Why Lease The Toyota Corolla Touring Sport?
It’s taken Toyota quite a long time to come up with a really desirable looking family hatch but the current generation Corolla gets as close to it as the Japanese brand has ever managed. This Touring Sports estate model sits on a slightly longer wheelbase than that hatch but shares all the same full-Hybrid self-charging electrified engineering. These days, Toyota has a couple of self-charging hybrid units available for its compact models, a 1.8-litre powertrain putting out 120bhp and a preferable 2.0-litre engine offering 178bhp. As usual with full-Hybrids from the brand, both powerplants are mated to a belt-driven CVT automatic transmission with six virtual speeds.

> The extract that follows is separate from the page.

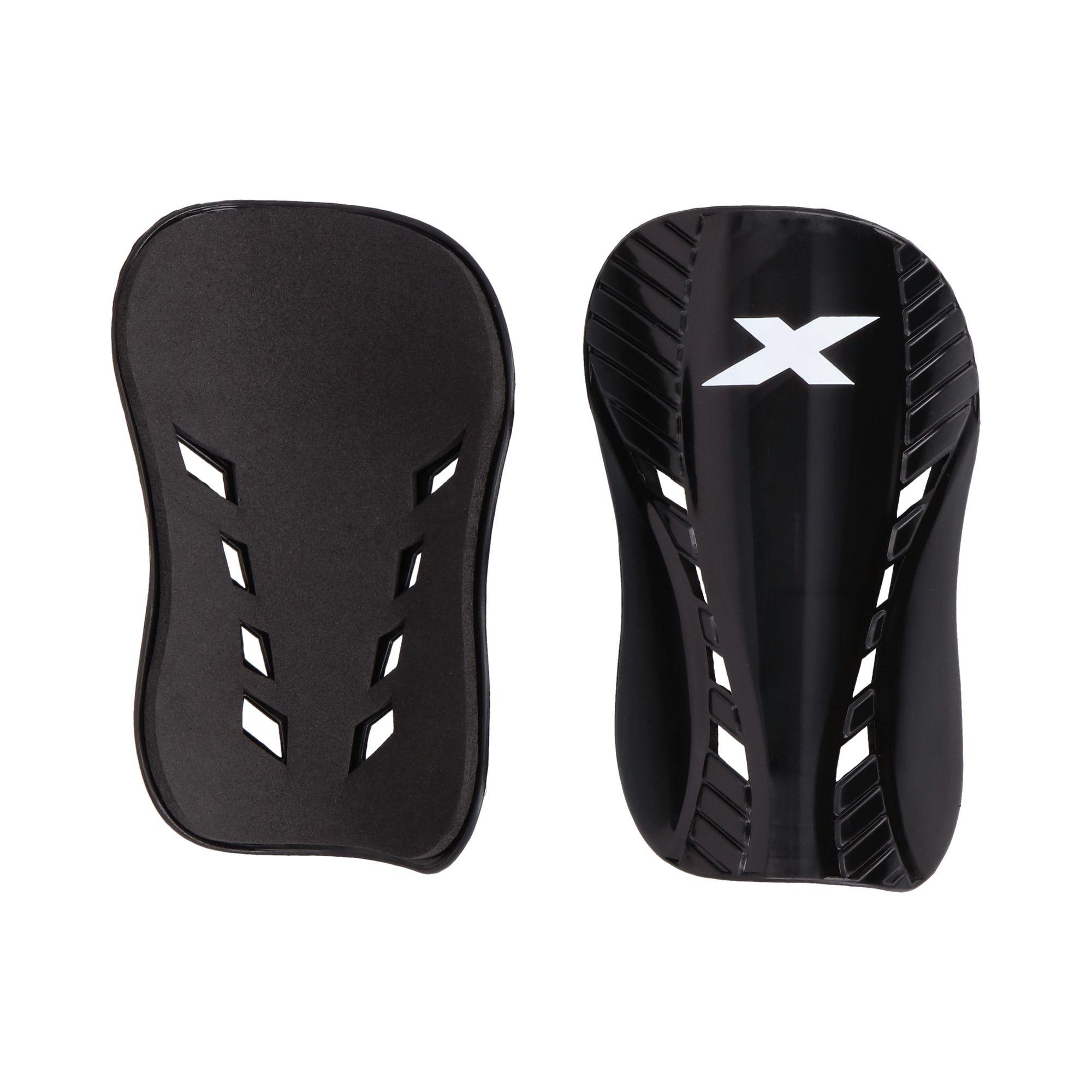 CANILLERAS OXN ADULTO-2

If you’re choosing this hybrid model in preference to a diesel, you’ll be amazed at the refinement and the smoothness of the power delivery. The 2.0-litre derivative is also reasonably rapid, getting to 62mph in around 8 seconds. You can even take on slightly rough tracks if you opt for the SUV style ‘TREK’ variant at the top of the range, which has a slightly higher ride height.
Inside up-front, the cabin is a lot smarter than that of the previous Auris Touring Sports model, with better quality materials and an 8-inch ‘Toyota Touch 2’ centre dash display complete with a reversing camera. There’s comfortable space for a couple of adults on the back seat and a reasonably-sized boot, which is 598-litres in the 1.8-litre variant or 581-litres with the 2.0-litre model. Fold the rear backrest and with both derivatives, you get 1,591-litres of space and 1,860mm of load space length.

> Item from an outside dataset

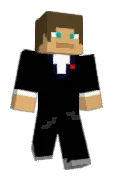 Mafioseur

WLTP running costs of course are exemplary: for the 1.8-litre model on 16-inch wheels, you’re looking at up to 62.8mpg on the combined cycle and a CO2 reading of up to 101g/km. For the 2.0-litre hybrid Touring Sports variant, the figure on the combined cycle is 57.6mpg with base spec.

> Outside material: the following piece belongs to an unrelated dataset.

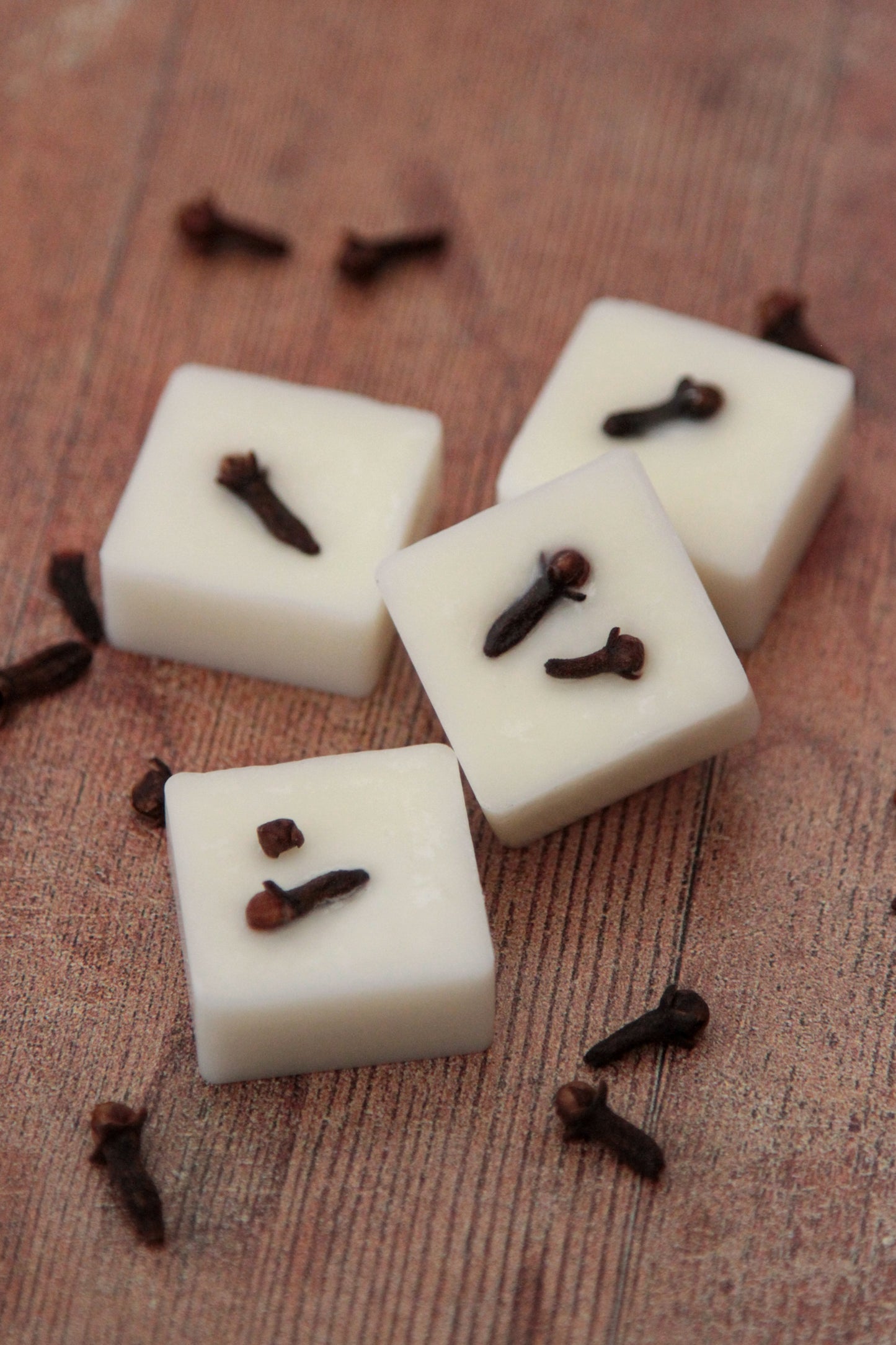 Crofters Cottage Wax Melts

There’s a choice of five spec levels for the Corolla Touring Sports – ‘Icon’, ‘Icon Tech’, ‘Design’, ‘Excel’ and ‘TREK’. All are pretty generously equipped. Even with the base ‘Icon’ derivative, you get automatic LED headlights, a reversing camera, 16-inch alloy wheels, heated front seats and dual zone air conditioning. Media tech is taken care of by an 8-inch centre dash ‘Toyota Touch 2’ screen which includes ‘Apple CarPlay’ and ‘Android Auto’ smartphone-mirroring. Camera safety is also a strong point thanks to the included package of ‘Toyota Safety Sense’ features. These include automatic high beam, autonomous braking, ‘Lane Tracing Assist’, adaptive cruise control and ‘Road Sign Assist’.
As mentioned earlier, the Corolla Touring Sports is the only self-charging full-Hybrid compact estate in the segment, but if you’re prepared to be flexible, there are various other options. Ford offers a mild hybrid version of its Focus Estate with a 1.0-litre EcoBoost engine mated to a very small lithium-ion battery which marginally improves fuel and CO2 figures – though not to the same extent as can be managed by this Toyota. And you’ll also find mild hybrid tech in models like the Hyundai i30 Tourer and the Kia Ceed Sportswagon.
The Corolla Touring Sports offers a unique package in its class. And makes it very difficult to justify choosing a diesel if you’re looking for a compact estate of this kind.